Cookbook

Tips to convert HTML to Word

The embedHTML method and its counterpart for templates, replaceVariableByHTML, allow to convert HTML with CSS to Word, while respecting to the maximum their contents and styles. To achieve the maximum similarity with the original HTML and avoid any errors, it is necessary to follow some good practices.

Supported tags and styles

phpdocx supports nearly all the HTML tags and CSS styles that have an equivalent in MS Word.

In our web you cand find the complete list of compatible tags and styles.

Beside these HTML tags and CSS styles, when importing HTML you can assign too existing Word styles to classes, ids or specific tags with the option 'wordStyles'.

Tidy, incorrect tagging, accents and other non ASCII characters

For a proper HTML import, it is mandatory that the tags and styles are correctly opened and closed. In other words, that the structure of the code is right. phpdocx uses the PHP extension Tidy (http://php.net/manual/en/book.tidy.php) to correct the HTML and generate a valid tagging.
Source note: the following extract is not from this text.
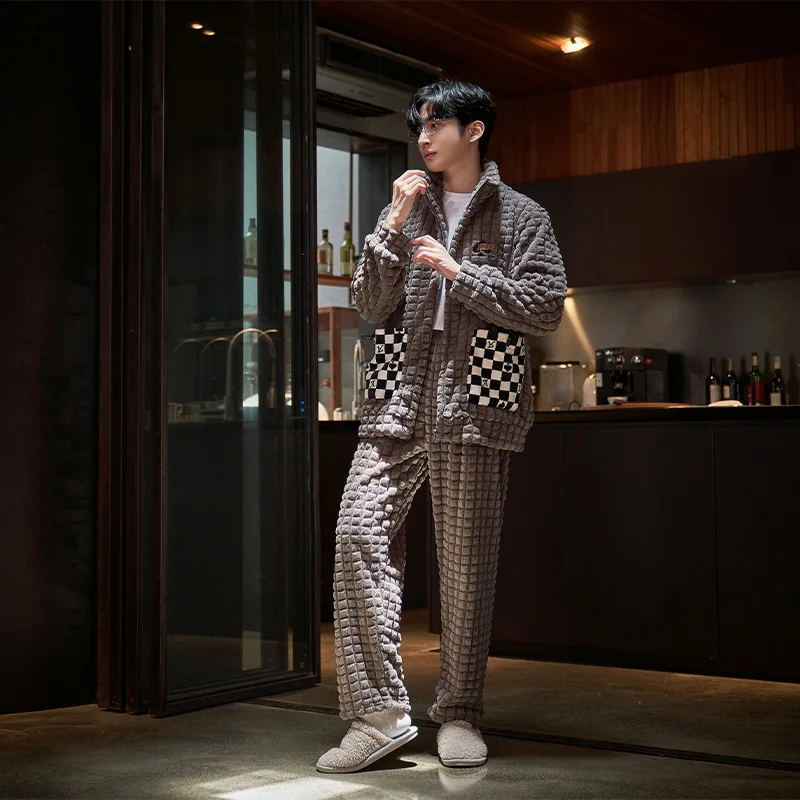 QUHENG New Flannel Men's Autumn Winter Long Sleeve Pajama Sets Thick Warm Men Sleepwear Coral Fleece Sleep Lounge Pajamas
You can install this extension in any operating system with PHP.

Warning

If you haven't installed the Tidy extension, errors may ocurr, like appearing the CSS styles in the document, import with errors the HTML or not displaying accents and other non ASCII characters.

Divide and Optimize

Although the import of HTML and CSS is optimized to the maximum, transforming thousands of lines with different tagging and styles may affect performance.

The solution to achieve the best possible performance is to divide the code you are importing. E.g.: instead of adding with embedHTML an HTML file of 10000 lines, you could divide it in five HTML files and then call embedHTML for each HTML.

With this easy step you can decrease exponentially CPU and memory consumption.